> Material supplied:
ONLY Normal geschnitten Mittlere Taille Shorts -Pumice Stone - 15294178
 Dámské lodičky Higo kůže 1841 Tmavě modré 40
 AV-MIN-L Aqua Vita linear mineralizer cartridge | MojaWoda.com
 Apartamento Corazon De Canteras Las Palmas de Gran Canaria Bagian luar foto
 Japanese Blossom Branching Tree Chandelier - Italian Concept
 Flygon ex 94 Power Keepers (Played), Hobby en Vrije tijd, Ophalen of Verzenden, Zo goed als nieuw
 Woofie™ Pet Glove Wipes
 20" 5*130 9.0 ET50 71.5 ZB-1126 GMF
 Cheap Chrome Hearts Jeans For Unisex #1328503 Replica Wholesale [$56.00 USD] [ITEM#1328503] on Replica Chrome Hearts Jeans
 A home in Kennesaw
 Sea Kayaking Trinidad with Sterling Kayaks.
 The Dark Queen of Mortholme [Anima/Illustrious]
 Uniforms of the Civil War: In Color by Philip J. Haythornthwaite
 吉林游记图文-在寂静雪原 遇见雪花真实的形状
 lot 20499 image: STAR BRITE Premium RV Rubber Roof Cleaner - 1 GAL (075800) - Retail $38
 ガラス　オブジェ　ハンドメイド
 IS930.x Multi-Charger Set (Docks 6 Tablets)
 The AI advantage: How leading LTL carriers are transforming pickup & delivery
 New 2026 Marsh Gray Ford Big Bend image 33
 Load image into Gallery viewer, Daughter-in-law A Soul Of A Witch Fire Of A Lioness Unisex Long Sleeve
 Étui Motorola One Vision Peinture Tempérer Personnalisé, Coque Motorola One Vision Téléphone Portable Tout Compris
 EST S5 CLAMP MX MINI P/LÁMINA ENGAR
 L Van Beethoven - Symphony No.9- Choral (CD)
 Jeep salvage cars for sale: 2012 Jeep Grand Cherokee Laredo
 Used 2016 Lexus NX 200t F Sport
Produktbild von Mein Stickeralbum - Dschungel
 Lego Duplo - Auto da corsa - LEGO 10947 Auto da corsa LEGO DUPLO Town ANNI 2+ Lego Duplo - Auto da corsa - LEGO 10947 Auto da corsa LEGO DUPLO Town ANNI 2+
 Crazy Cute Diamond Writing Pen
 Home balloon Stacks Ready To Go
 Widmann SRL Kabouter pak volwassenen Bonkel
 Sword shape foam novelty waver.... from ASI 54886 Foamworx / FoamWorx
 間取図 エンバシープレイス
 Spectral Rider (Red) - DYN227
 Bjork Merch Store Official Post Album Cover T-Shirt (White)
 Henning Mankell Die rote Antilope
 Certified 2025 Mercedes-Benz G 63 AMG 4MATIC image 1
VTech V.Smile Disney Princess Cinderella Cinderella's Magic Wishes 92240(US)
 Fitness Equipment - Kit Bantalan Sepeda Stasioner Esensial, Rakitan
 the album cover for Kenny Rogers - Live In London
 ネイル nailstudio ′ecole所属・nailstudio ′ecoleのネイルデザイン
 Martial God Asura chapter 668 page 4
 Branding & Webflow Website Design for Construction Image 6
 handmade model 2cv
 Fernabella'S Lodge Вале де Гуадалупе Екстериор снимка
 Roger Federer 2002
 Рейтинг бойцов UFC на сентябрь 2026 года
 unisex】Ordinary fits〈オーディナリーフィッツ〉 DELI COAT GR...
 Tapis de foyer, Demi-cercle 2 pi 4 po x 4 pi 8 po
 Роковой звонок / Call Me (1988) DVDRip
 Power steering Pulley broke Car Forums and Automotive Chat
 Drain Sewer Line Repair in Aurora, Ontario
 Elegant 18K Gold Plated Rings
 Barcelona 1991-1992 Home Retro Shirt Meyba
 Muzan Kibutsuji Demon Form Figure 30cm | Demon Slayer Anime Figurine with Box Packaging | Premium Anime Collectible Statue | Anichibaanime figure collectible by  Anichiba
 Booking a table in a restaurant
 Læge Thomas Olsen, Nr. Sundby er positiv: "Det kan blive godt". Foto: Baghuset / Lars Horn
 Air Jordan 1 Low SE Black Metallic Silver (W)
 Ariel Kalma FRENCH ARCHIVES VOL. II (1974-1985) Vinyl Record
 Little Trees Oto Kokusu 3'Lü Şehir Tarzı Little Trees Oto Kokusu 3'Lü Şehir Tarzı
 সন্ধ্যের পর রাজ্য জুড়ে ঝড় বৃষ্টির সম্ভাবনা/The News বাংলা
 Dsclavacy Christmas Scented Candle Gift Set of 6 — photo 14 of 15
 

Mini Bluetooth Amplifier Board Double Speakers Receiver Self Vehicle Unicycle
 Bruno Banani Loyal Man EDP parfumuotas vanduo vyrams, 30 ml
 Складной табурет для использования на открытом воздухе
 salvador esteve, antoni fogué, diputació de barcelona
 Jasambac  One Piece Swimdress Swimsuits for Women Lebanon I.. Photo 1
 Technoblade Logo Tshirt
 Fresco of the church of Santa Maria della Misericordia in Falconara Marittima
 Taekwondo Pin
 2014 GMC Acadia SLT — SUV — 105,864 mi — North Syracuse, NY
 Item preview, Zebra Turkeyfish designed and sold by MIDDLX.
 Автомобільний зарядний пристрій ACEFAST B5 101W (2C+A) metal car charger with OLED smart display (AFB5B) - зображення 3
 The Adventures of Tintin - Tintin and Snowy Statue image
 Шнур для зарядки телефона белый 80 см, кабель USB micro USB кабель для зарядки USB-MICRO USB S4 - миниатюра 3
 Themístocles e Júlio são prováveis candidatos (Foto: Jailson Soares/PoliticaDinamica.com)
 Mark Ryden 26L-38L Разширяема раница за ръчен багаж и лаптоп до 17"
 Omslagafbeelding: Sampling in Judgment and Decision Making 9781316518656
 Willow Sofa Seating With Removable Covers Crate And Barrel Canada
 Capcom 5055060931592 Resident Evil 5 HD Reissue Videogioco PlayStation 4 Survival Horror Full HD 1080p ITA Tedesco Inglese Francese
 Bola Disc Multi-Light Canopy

> Exercise requirements:
Begin at the top of the records above and quote each line exactly, ending with the line that contains "Widmann SRL Kabouter pak volwassenen Bonkel".

> Answer for this exercise:
ONLY Normal geschnitten Mittlere Taille Shorts -Pumice Stone - 15294178
 Dámské lodičky Higo kůže 1841 Tmavě modré 40
 AV-MIN-L Aqua Vita linear mineralizer cartridge | MojaWoda.com
 Apartamento Corazon De Canteras Las Palmas de Gran Canaria Bagian luar foto
 Japanese Blossom Branching Tree Chandelier - Italian Concept
 Flygon ex 94 Power Keepers (Played), Hobby en Vrije tijd, Ophalen of Verzenden, Zo goed als nieuw
 Woofie™ Pet Glove Wipes
 20" 5*130 9.0 ET50 71.5 ZB-1126 GMF
 Cheap Chrome Hearts Jeans For Unisex #1328503 Replica Wholesale [$56.00 USD] [ITEM#1328503] on Replica Chrome Hearts Jeans
 A home in Kennesaw
 Sea Kayaking Trinidad with Sterling Kayaks.
 The Dark Queen of Mortholme [Anima/Illustrious]
 Uniforms of the Civil War: In Color by Philip J. Haythornthwaite
 吉林游记图文-在寂静雪原 遇见雪花真实的形状
 lot 20499 image: STAR BRITE Premium RV Rubber Roof Cleaner - 1 GAL (075800) - Retail $38
 ガラス　オブジェ　ハンドメイド
 IS930.x Multi-Charger Set (Docks 6 Tablets)
 The AI advantage: How leading LTL carriers are transforming pickup & delivery
 New 2026 Marsh Gray Ford Big Bend image 33
 Load image into Gallery viewer, Daughter-in-law A Soul Of A Witch Fire Of A Lioness Unisex Long Sleeve
 Étui Motorola One Vision Peinture Tempérer Personnalisé, Coque Motorola One Vision Téléphone Portable Tout Compris
 EST S5 CLAMP MX MINI P/LÁMINA ENGAR
 L Van Beethoven - Symphony No.9- Choral (CD)
 Jeep salvage cars for sale: 2012 Jeep Grand Cherokee Laredo
 Used 2016 Lexus NX 200t F Sport
Produktbild von Mein Stickeralbum - Dschungel
 Lego Duplo - Auto da corsa - LEGO 10947 Auto da corsa LEGO DUPLO Town ANNI 2+ Lego Duplo - Auto da corsa - LEGO 10947 Auto da corsa LEGO DUPLO Town ANNI 2+
 Crazy Cute Diamond Writing Pen
 Home balloon Stacks Ready To Go
 Widmann SRL Kabouter pak volwassenen Bonkel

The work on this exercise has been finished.